Problem to work on:
Leave out all pictures while repeating the records exactly and completely.

(Collected data)
####################

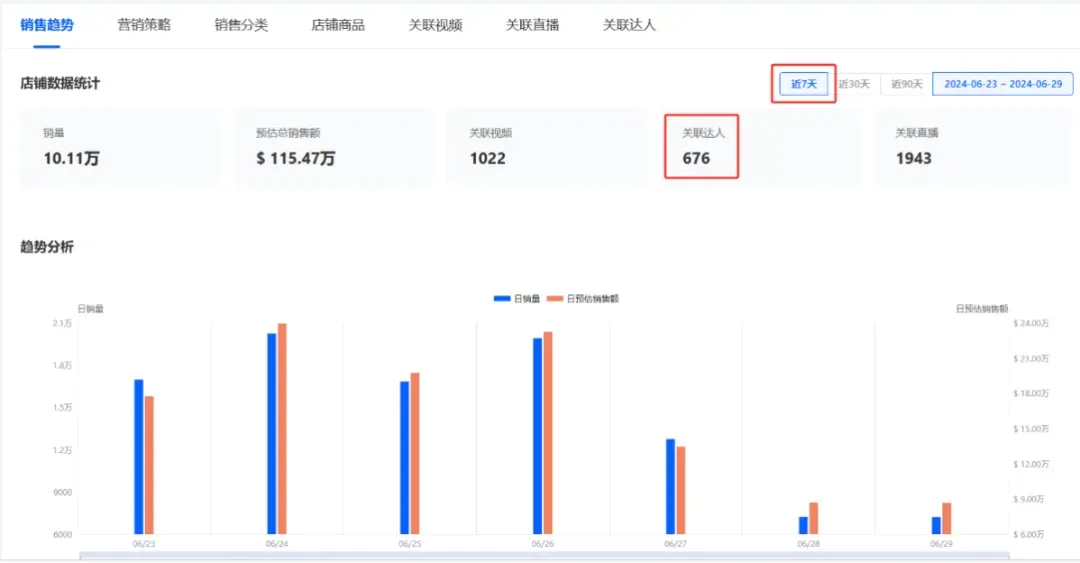 震撼!月销29.4万件,平价单品销售额飙至308.86万美元的爆单策略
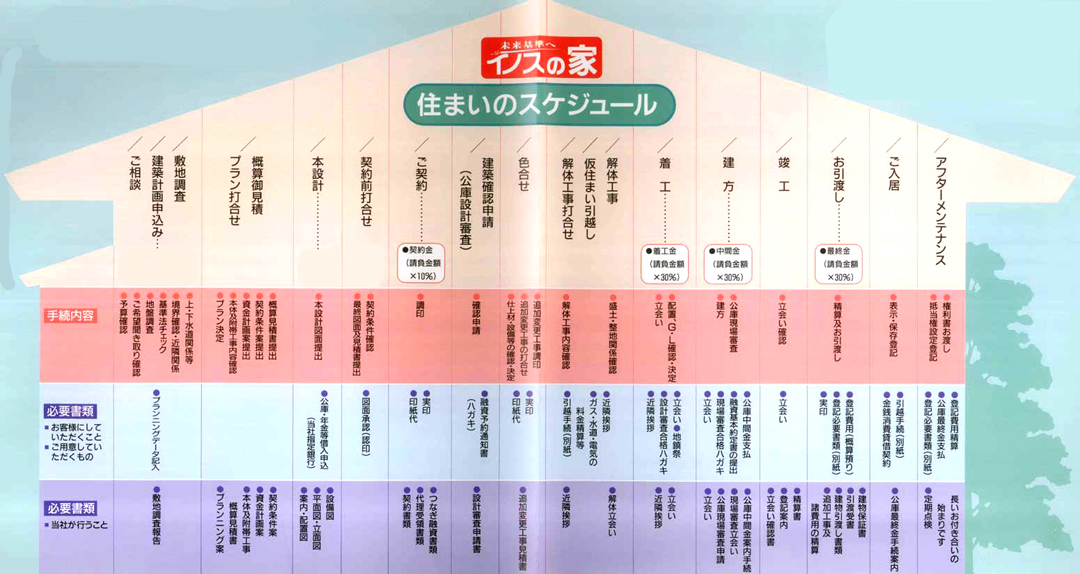 住まいのスケジュール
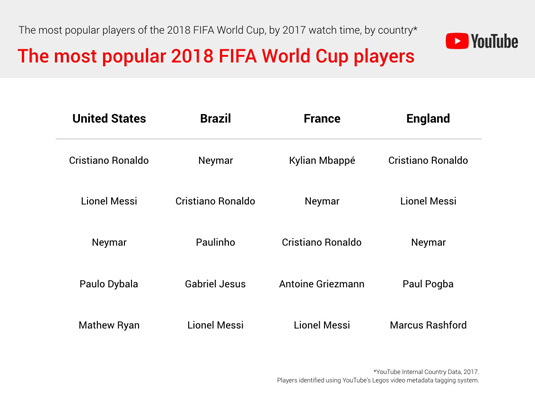 YouTube 2018 FIFA World Cup 2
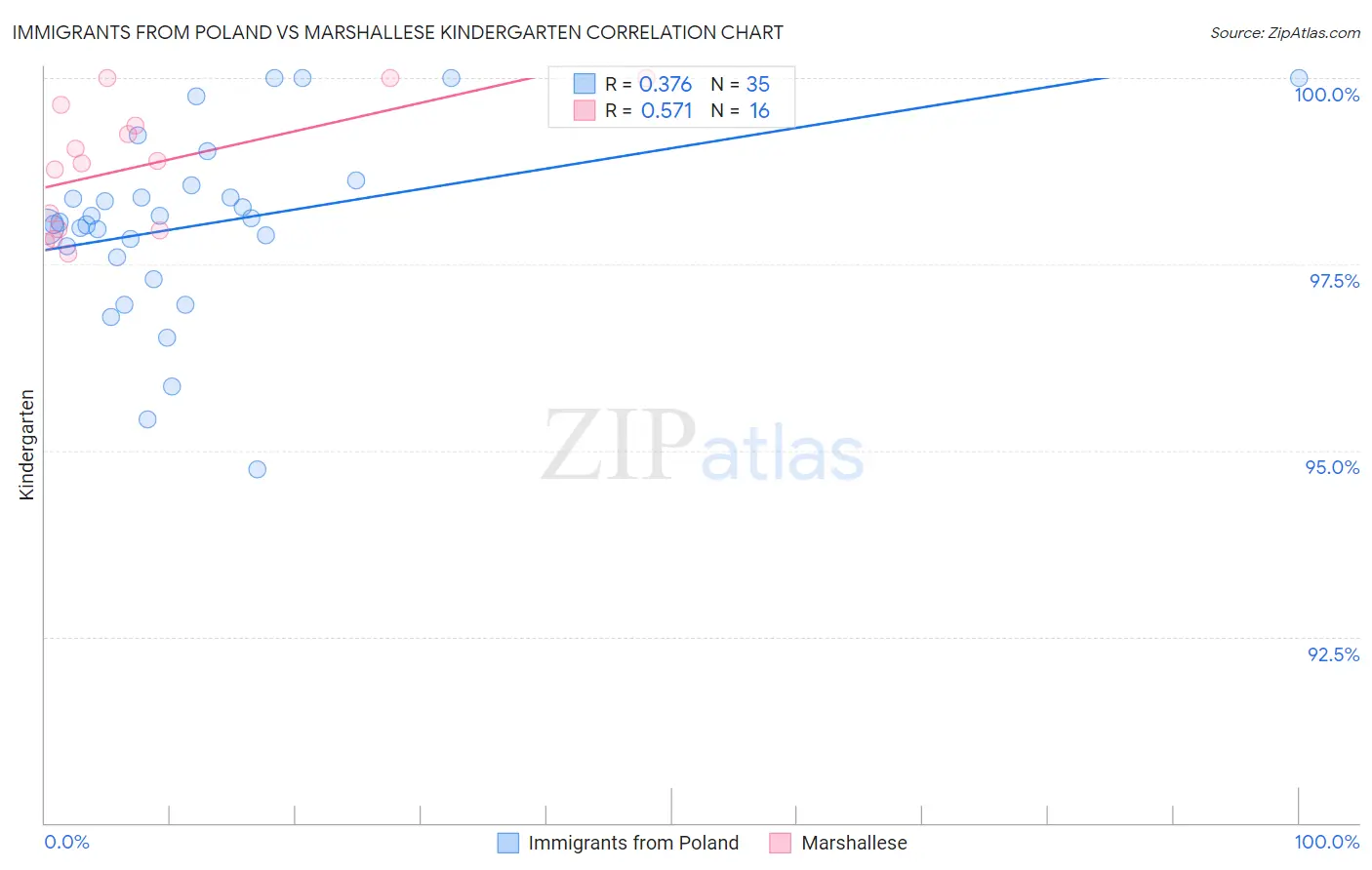 Immigrants from Poland vs Marshallese Kindergarten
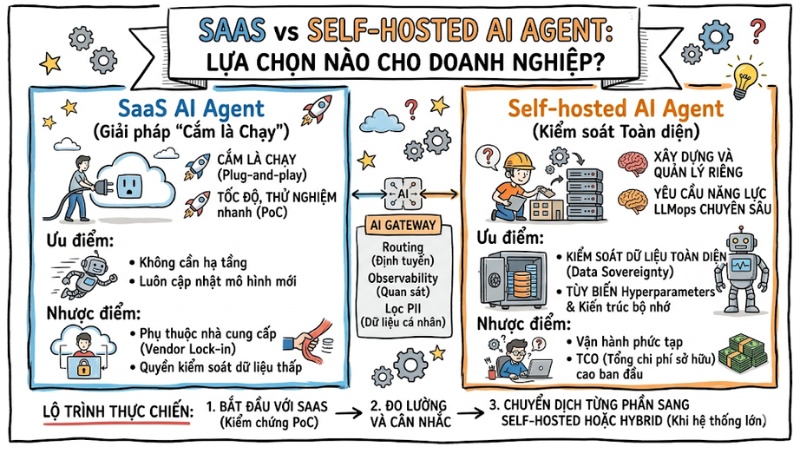 Self-hosted vs SaaS AI Agent: Lựa chọn nào cho doanh nghiệp?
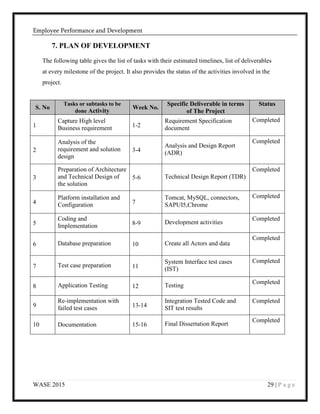 Dissertation Final _2015-2011HW70778 Signed | PDF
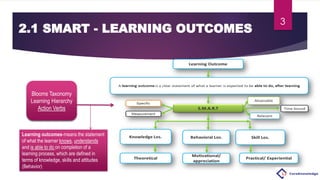 1. LEARNING OUTCOME DEVELOPMENT SLIDES.pdf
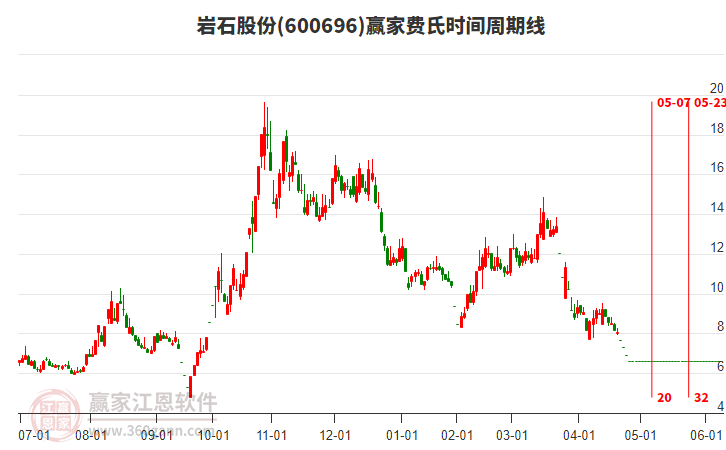 600696巖石股份費氏時間周期線工具 600696巖石股份費氏時間周期線工具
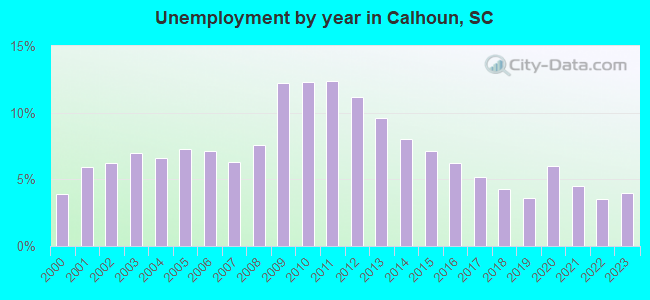 Unemployment by year in Calhoun, SC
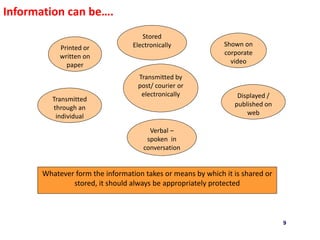 9
Information can be….
Printed or
written on
paper
Stored
Electronically
Transmitted by
post/ courier or
electronically
Shown on
corporate
video
Displayed /
published on
web
Verbal –
spoken in
conversation
Whatever form the information takes or means by which it is shared or
stored, it should always be appropriately protected
Transmitted
through an
individual
 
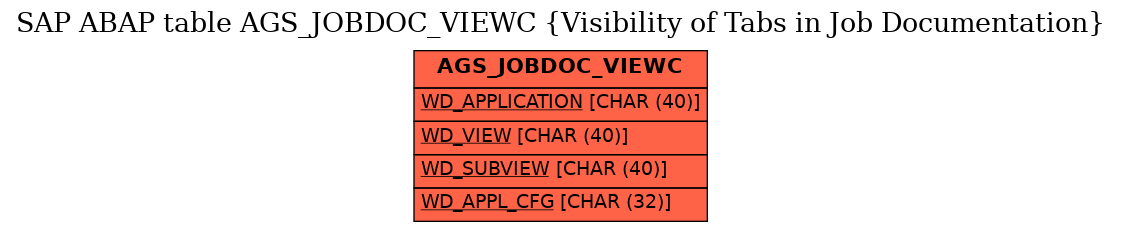 E-R Diagram for table AGS_JOBDOC_VIEWC (Visibility of Tabs in Job Documentation)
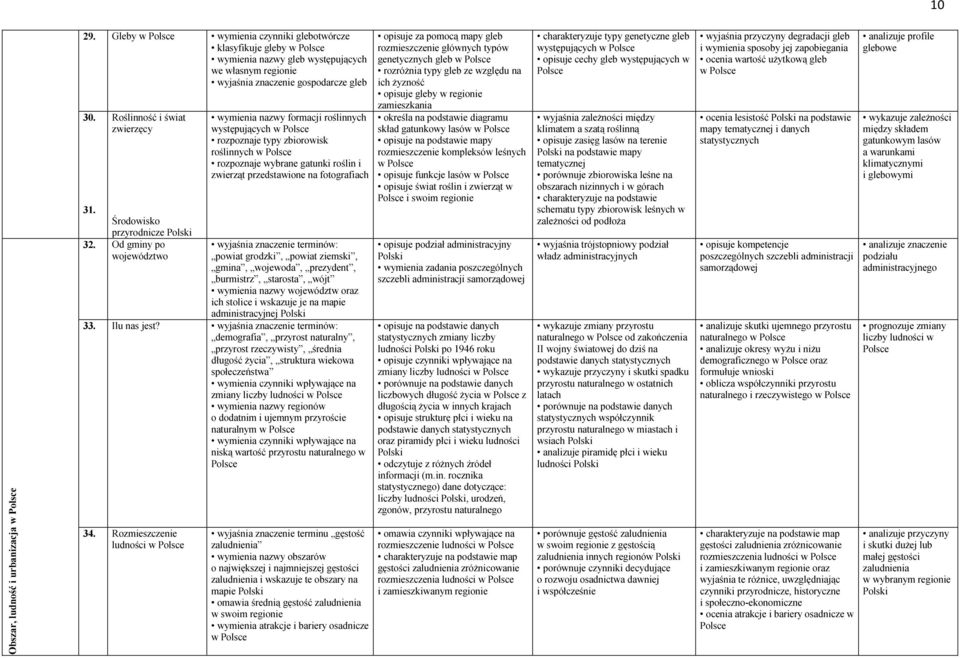 Od gminy po województwo wymienia nazwy formacji roślinnych występujących rozpoznaje typy zbiorowisk roślinnych rozpoznaje wybrane gatunki roślin i zwierząt przedstawione na fotografiach wyjaśnia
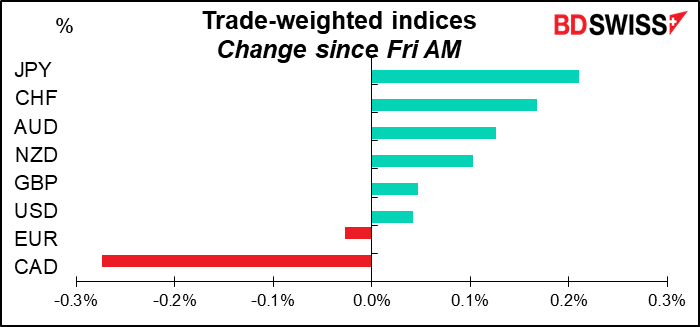 Trade-weighted indices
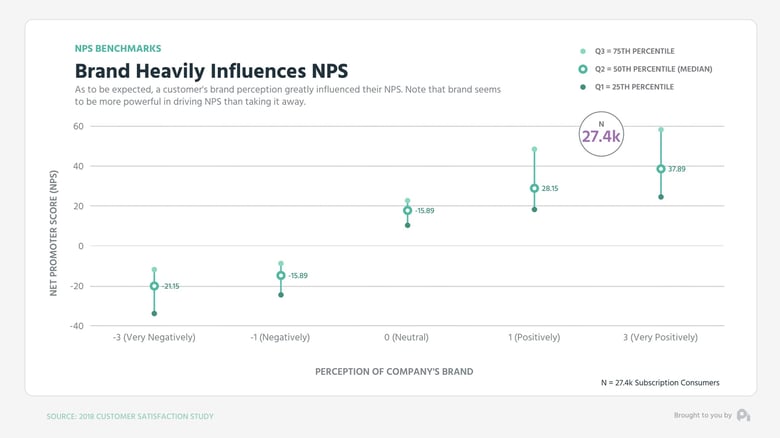 Graph2-Brand heavily influences NPS - Mid Low High Graph (0;00;10;29)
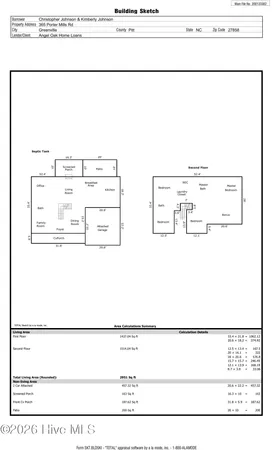$519,900 | 365 Porter Mills Road, Greenville, NC 27858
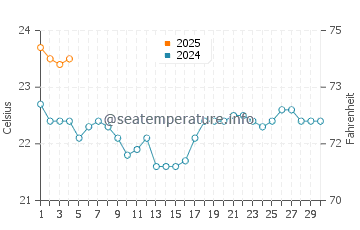 Playa De Jandia water temp chart in September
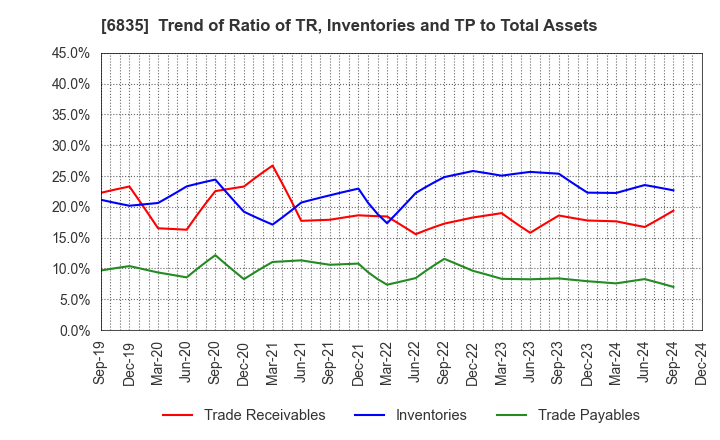 6835 ALLIED TELESIS HOLDINGS K.K.: Trend of Ratio of TR, Inventories and TP to Total Assets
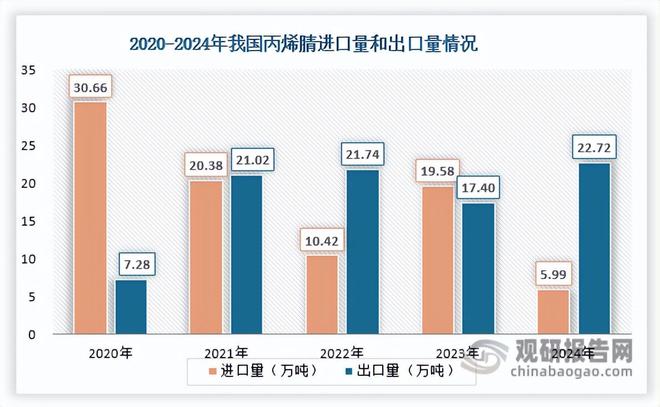 PG电子科技:我国丙烯腈行业将迎来新一轮产能集中扩张期进出口均价持续下跌(图10)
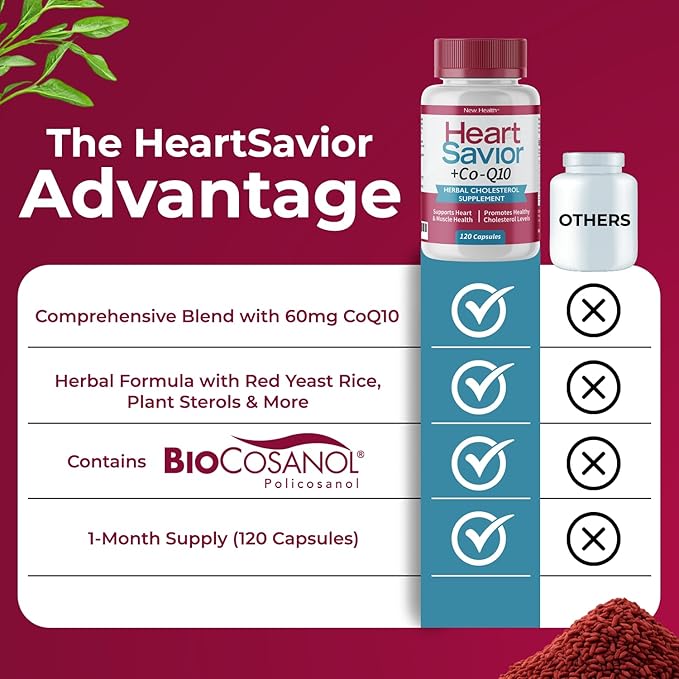 Natural Supplement with CoQ10 Red Yeast Rice Niacin Policosanol and Guggul. The Natural Way. by New Health Plus 60 MG Co-Q10 (120 caps)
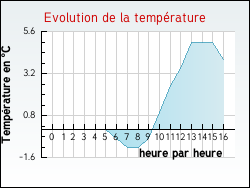 Evolution de la temp�rature de la ville de Tranqueville-Graux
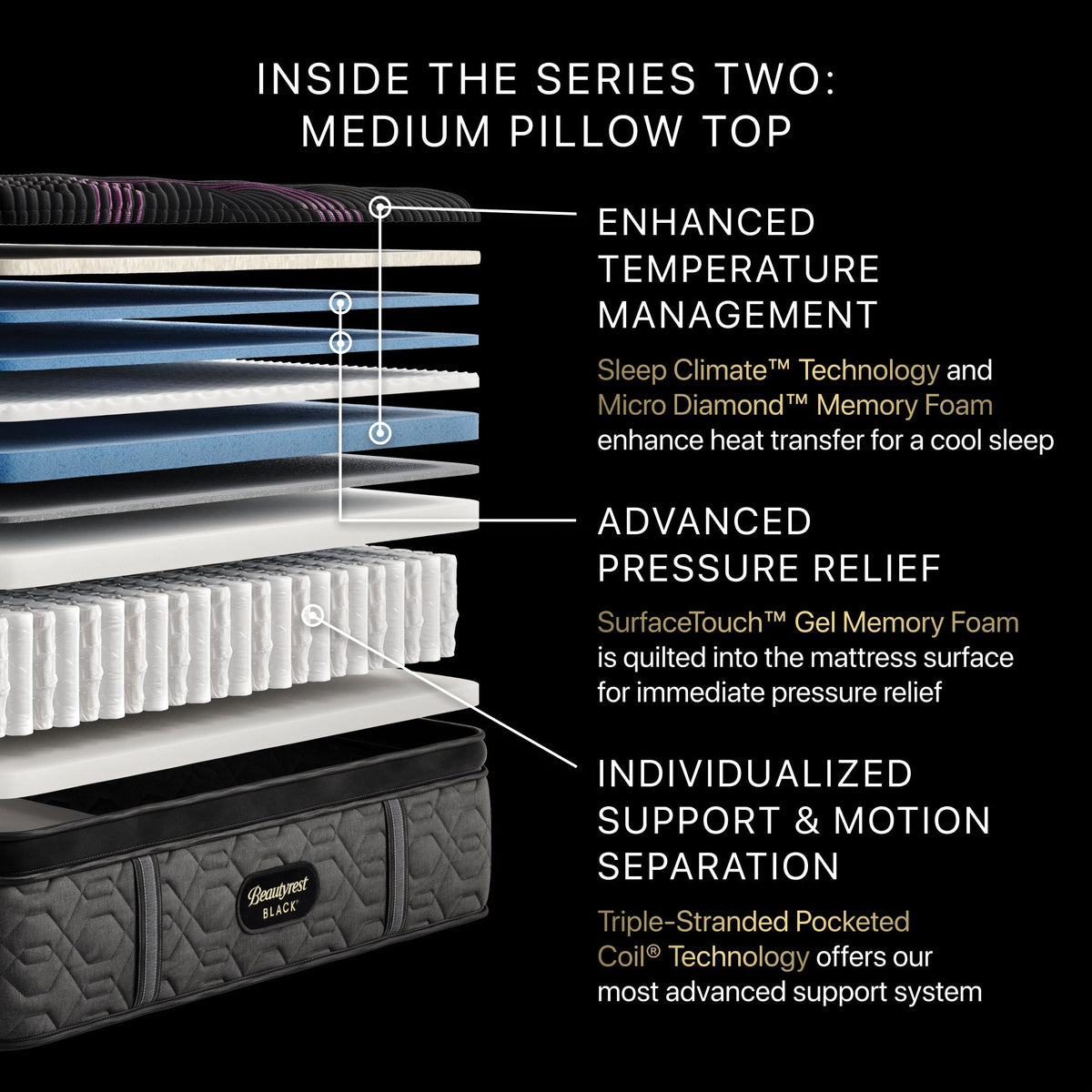 Beautyrest Black Series Two Medium Pillow Top Mattress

####################

Reply:
 震撼!月销29.4万件,平价单品销售额飙至308.86万美元的爆单策略
 住まいのスケジュール
 YouTube 2018 FIFA World Cup 2
 Immigrants from Poland vs Marshallese Kindergarten
 Self-hosted vs SaaS AI Agent: Lựa chọn nào cho doanh nghiệp?
 Dissertation Final _2015-2011HW70778 Signed | PDF
 1. LEARNING OUTCOME DEVELOPMENT SLIDES.pdf
 600696巖石股份費氏時間周期線工具 600696巖石股份費氏時間周期線工具
 Unemployment by year in Calhoun, SC
 9
Information can be….
Printed or
written on
paper
Stored
Electronically
Transmitted by
post/ courier or
electronically
Shown on
corporate
video
Displayed /
published on
web
Verbal –
spoken in
conversation
Whatever form the information takes or means by which it is shared or
stored, it should always be appropriately protected
Transmitted
through an
individual
 
 E-R Diagram for table AGS_JOBDOC_VIEWC (Visibility of Tabs in Job Documentation)
 Od gminy po województwo wymienia nazwy formacji roślinnych występujących rozpoznaje typy zbiorowisk roślinnych rozpoznaje wybrane gatunki roślin i zwierząt przedstawione na fotografiach wyjaśnia
 Trade-weighted indices
 Graph2-Brand heavily influences NPS - Mid Low High Graph (0;00;10;29)
$519,900 | 365 Porter Mills Road, Greenville, NC 27858
 Playa De Jandia water temp chart in September
 6835 ALLIED TELESIS HOLDINGS K.K.: Trend of Ratio of TR, Inventories and TP to Total Assets
 PG电子科技:我国丙烯腈行业将迎来新一轮产能集中扩张期进出口均价持续下跌(图10)
 Natural Supplement with CoQ10 Red Yeast Rice Niacin Policosanol and Guggul. The Natural Way. by New Health Plus 60 MG Co-Q10 (120 caps)
 Evolution de la temp�rature de la ville de Tranqueville-Graux
 Beautyrest Black Series Two Medium Pillow Top Mattress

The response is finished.